Stored entries:
§ §
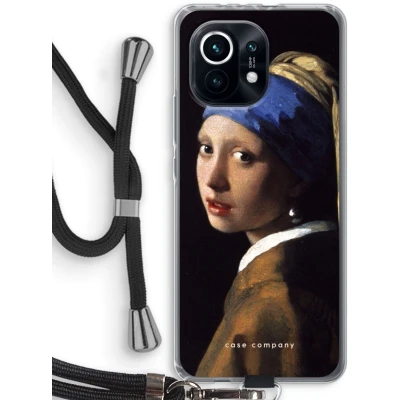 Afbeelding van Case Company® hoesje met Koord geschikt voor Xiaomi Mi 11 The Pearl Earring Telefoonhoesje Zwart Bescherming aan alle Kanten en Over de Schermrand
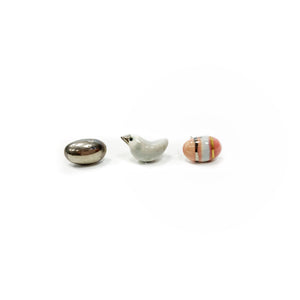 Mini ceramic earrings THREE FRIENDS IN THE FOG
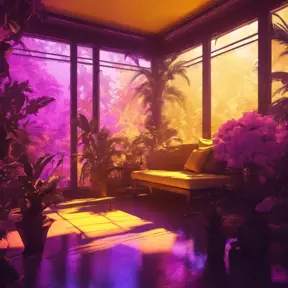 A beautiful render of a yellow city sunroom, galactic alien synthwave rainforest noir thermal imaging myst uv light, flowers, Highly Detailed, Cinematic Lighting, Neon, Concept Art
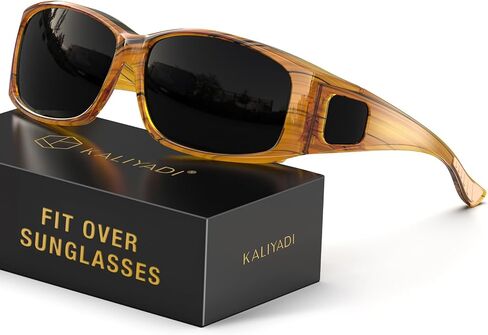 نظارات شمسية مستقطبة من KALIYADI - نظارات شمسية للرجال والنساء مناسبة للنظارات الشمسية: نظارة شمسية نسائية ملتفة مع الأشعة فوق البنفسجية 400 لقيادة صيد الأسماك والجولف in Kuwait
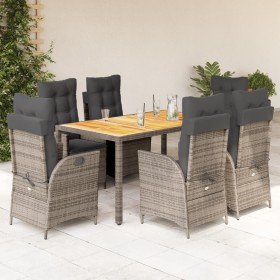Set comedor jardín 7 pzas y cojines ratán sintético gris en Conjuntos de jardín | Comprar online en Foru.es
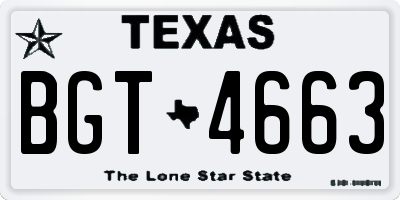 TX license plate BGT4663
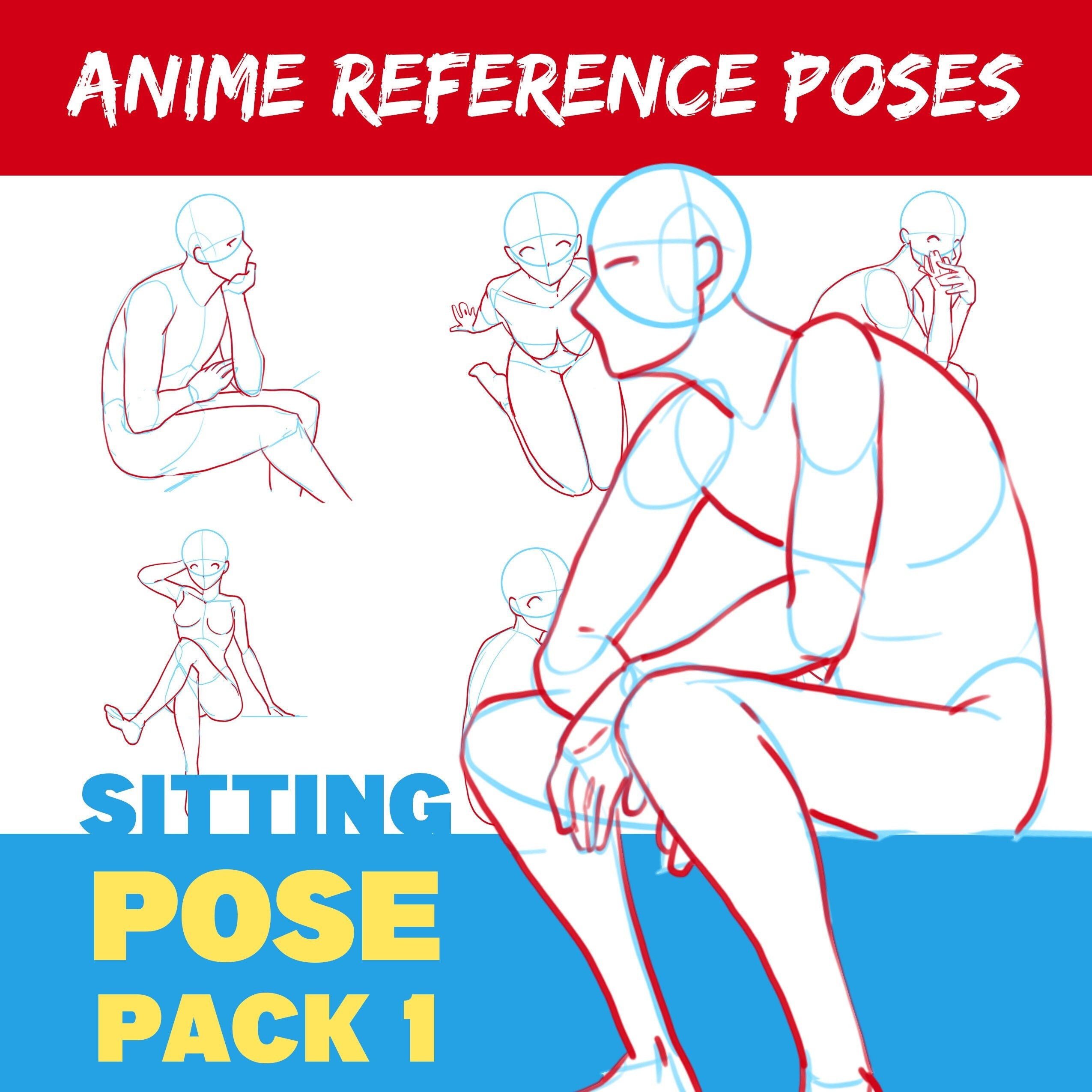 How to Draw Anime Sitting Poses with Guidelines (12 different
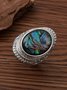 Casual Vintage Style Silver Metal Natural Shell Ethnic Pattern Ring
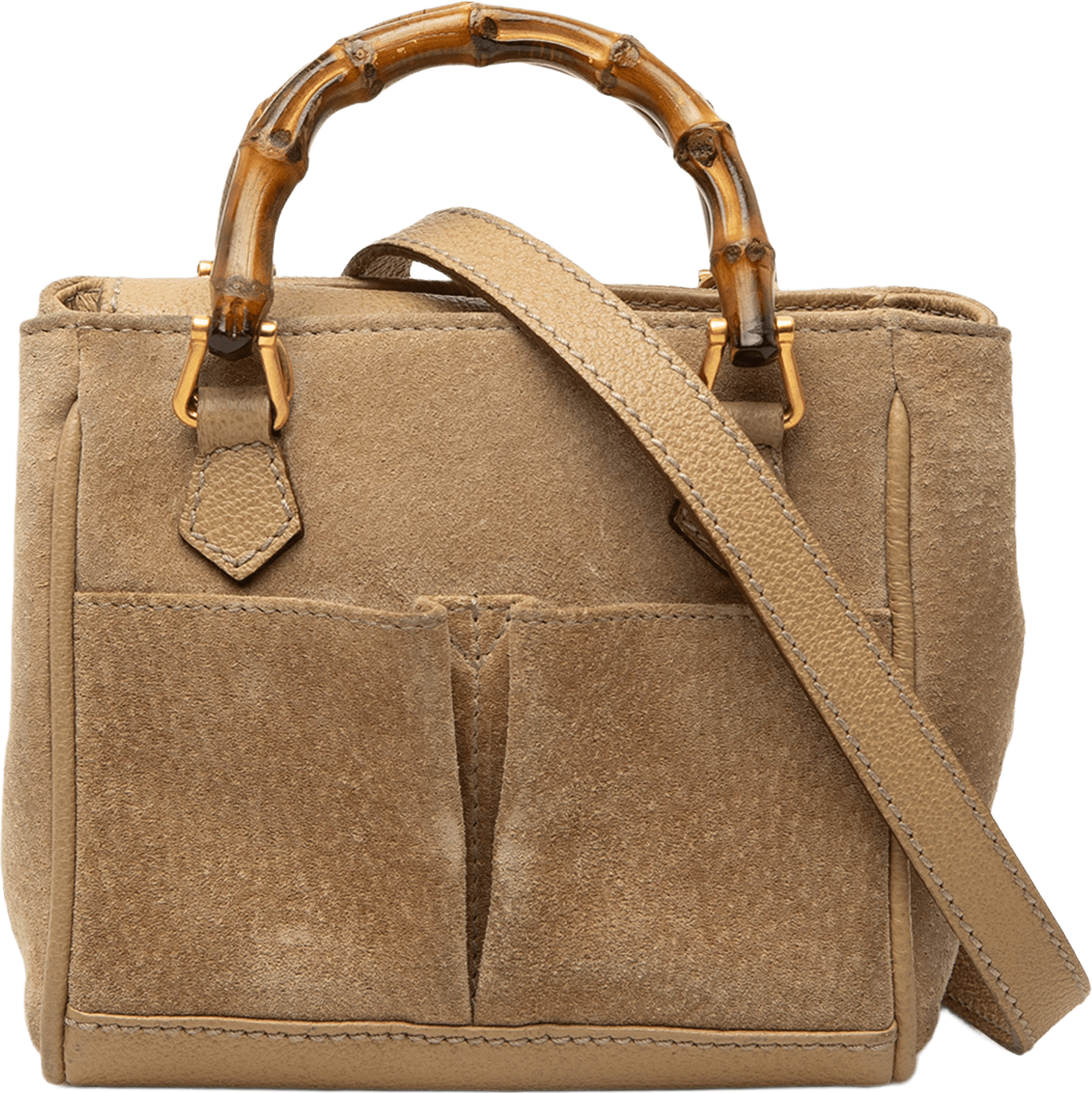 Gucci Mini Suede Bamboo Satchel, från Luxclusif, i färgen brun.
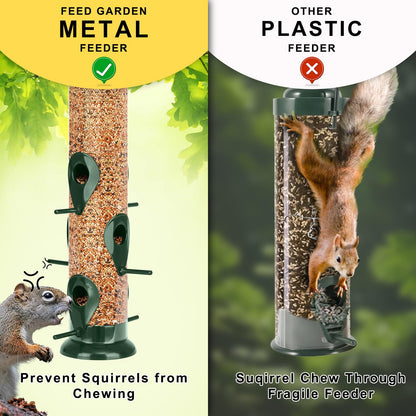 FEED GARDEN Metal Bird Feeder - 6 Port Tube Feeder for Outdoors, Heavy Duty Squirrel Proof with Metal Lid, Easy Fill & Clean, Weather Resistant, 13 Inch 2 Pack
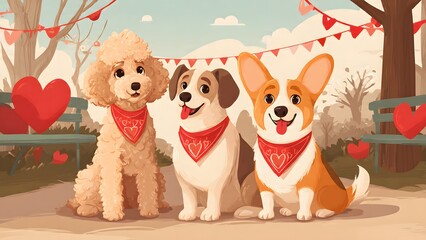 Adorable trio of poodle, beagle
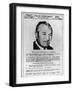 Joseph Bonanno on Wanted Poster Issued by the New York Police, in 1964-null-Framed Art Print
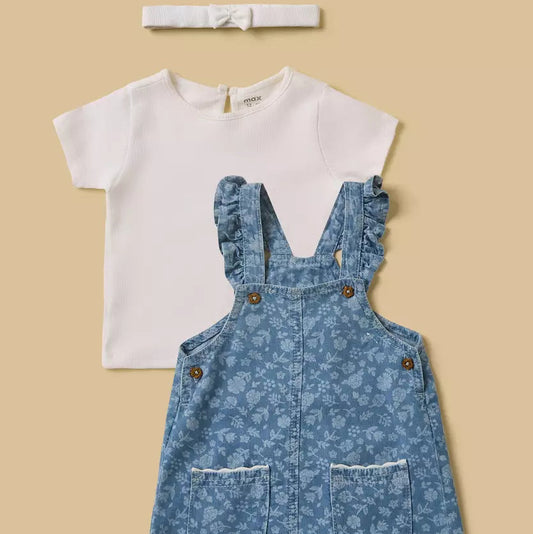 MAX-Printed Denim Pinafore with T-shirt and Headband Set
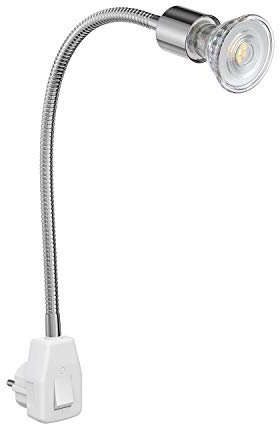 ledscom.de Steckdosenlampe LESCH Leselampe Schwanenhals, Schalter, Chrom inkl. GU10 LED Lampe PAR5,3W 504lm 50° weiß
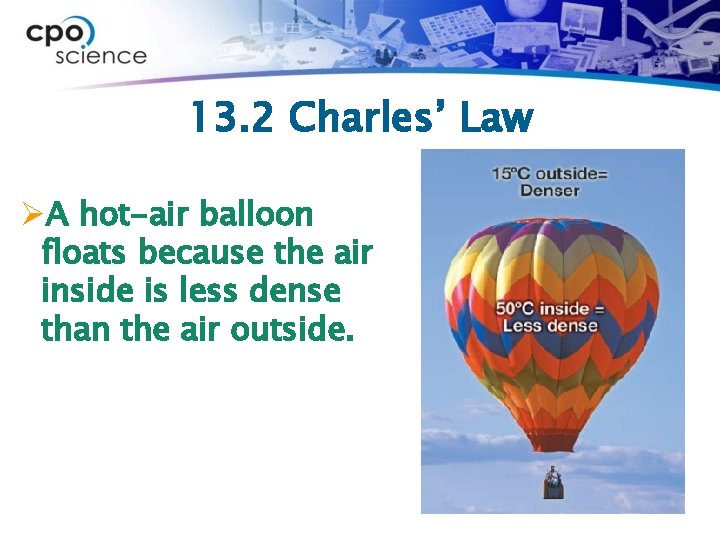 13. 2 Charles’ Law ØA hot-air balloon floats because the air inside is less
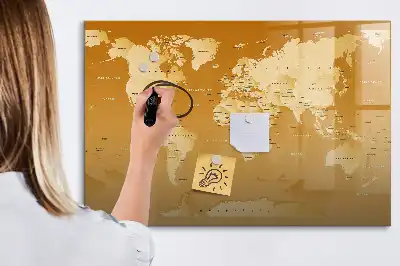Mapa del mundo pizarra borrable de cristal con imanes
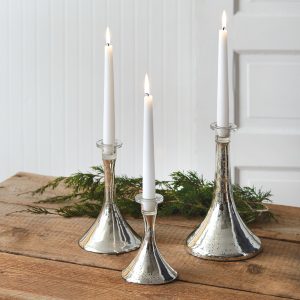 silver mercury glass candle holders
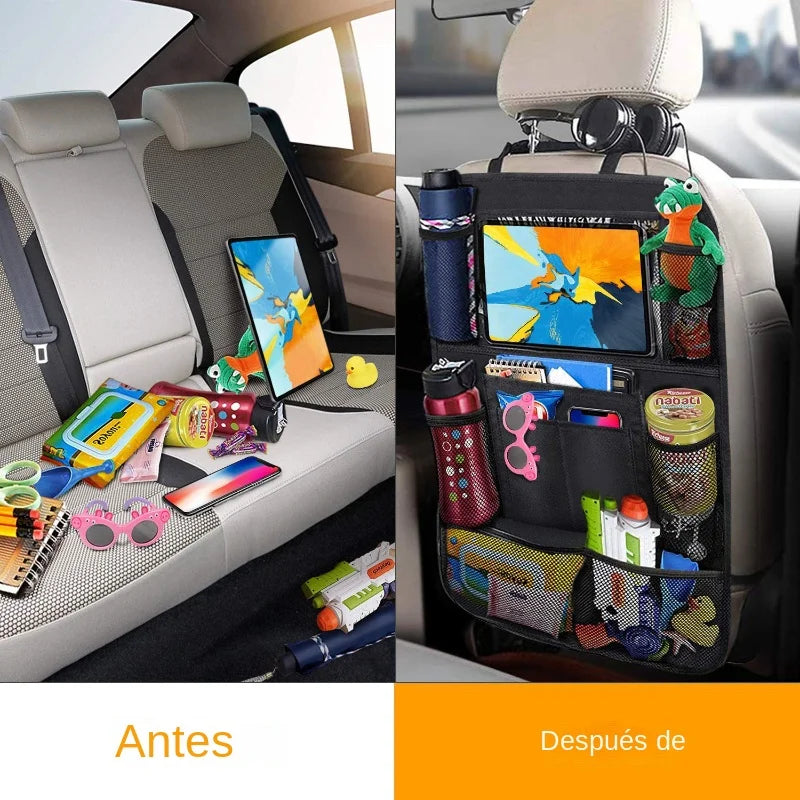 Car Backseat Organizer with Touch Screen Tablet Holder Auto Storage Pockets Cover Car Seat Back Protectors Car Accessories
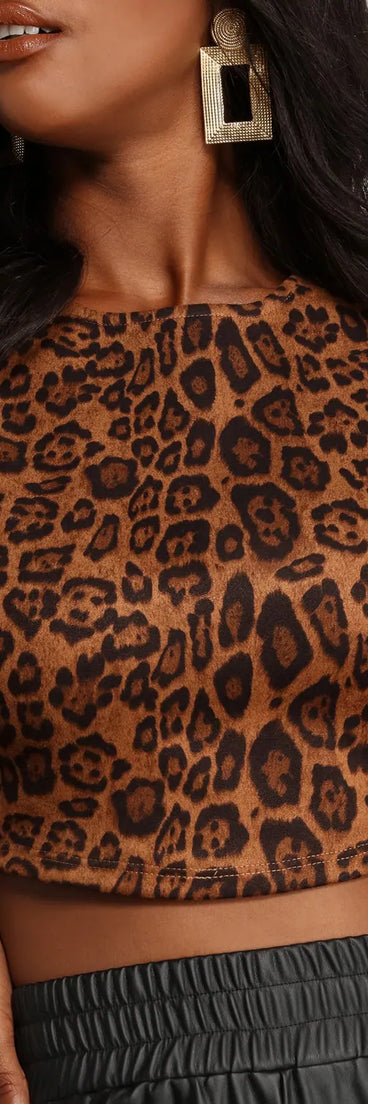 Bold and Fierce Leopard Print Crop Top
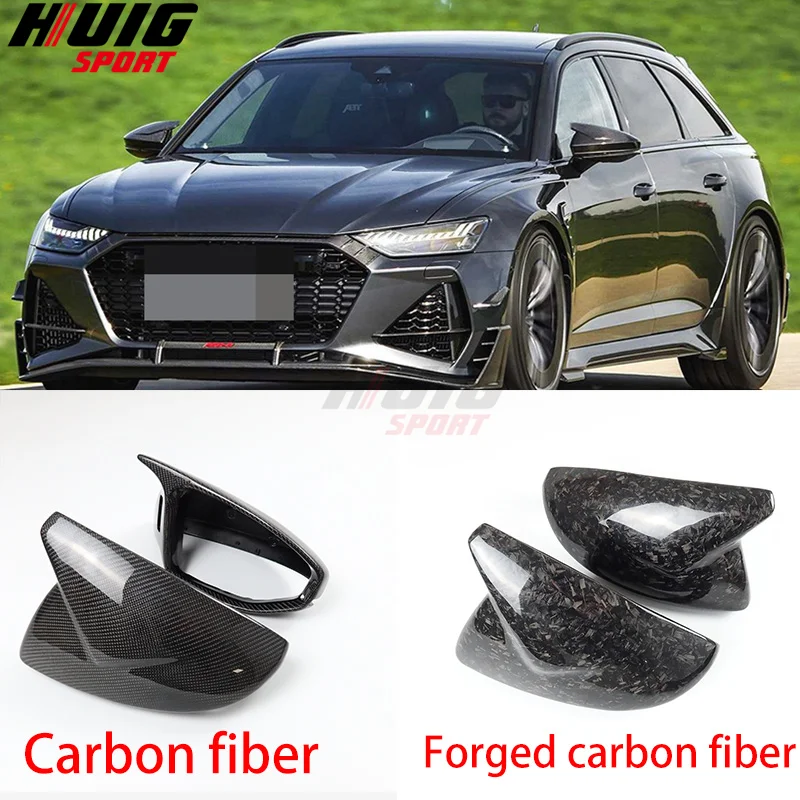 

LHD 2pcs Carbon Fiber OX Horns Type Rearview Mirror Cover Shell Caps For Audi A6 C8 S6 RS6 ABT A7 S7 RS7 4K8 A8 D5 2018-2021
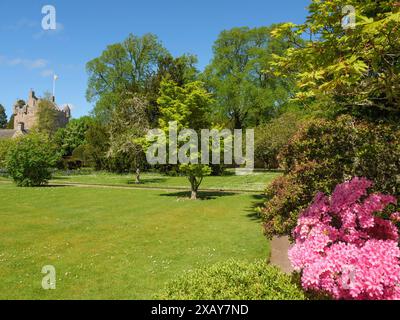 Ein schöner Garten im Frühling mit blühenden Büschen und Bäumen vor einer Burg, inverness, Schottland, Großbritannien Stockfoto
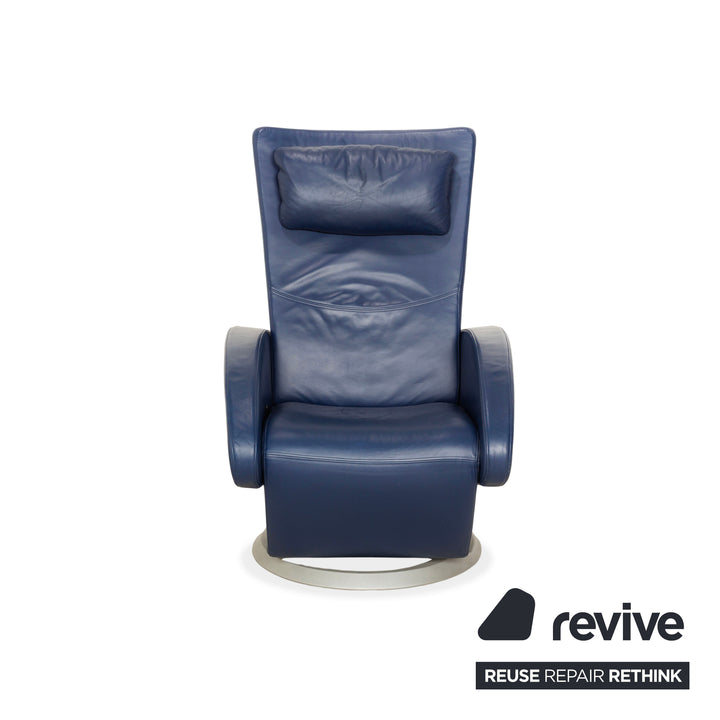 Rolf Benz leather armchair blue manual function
§ §
With the pictures omitted, restate every entry above word for word.

 Afbeelding van Case Company® hoesje met Koord geschikt voor Xiaomi Mi 11 The Pearl Earring Telefoonhoesje Zwart Bescherming aan alle Kanten en Over de Schermrand
 Mini ceramic earrings THREE FRIENDS IN THE FOG
 A beautiful render of a yellow city sunroom, galactic alien synthwave rainforest noir thermal imaging myst uv light, flowers, Highly Detailed, Cinematic Lighting, Neon, Concept Art
 نظارات شمسية مستقطبة من KALIYADI - نظارات شمسية للرجال والنساء مناسبة للنظارات الشمسية: نظارة شمسية نسائية ملتفة مع الأشعة فوق البنفسجية 400 لقيادة صيد الأسماك والجولف in Kuwait
Set comedor jardín 7 pzas y cojines ratán sintético gris en Conjuntos de jardín | Comprar online en Foru.es
 TX license plate BGT4663
 How to Draw Anime Sitting Poses with Guidelines (12 different
 Casual Vintage Style Silver Metal Natural Shell Ethnic Pattern Ring
 Gucci Mini Suede Bamboo Satchel, från Luxclusif, i färgen brun.
 FEED GARDEN Metal Bird Feeder - 6 Port Tube Feeder for Outdoors, Heavy Duty Squirrel Proof with Metal Lid, Easy Fill & Clean, Weather Resistant, 13 Inch 2 Pack
 Adorable trio of poodle, beagle
 Joseph Bonanno on Wanted Poster Issued by the New York Police, in 1964-null-Framed Art Print
 MAX-Printed Denim Pinafore with T-shirt and Headband Set
 ledscom.de Steckdosenlampe LESCH Leselampe Schwanenhals, Schalter, Chrom inkl. GU10 LED Lampe PAR5,3W 504lm 50° weiß
 13. 2 Charles’ Law ØA hot-air balloon floats because the air inside is less
Mapa del mundo pizarra borrable de cristal con imanes
 silver mercury glass candle holders
 Car Backseat Organizer with Touch Screen Tablet Holder Auto Storage Pockets Cover Car Seat Back Protectors Car Accessories
 Bold and Fierce Leopard Print Crop Top

LHD 2pcs Carbon Fiber OX Horns Type Rearview Mirror Cover Shell Caps For Audi A6 C8 S6 RS6 ABT A7 S7 RS7 4K8 A8 D5 2018-2021
 Ein schöner Garten im Frühling mit blühenden Büschen und Bäumen vor einer Burg, inverness, Schottland, Großbritannien Stockfoto
 Rolf Benz leather armchair blue manual function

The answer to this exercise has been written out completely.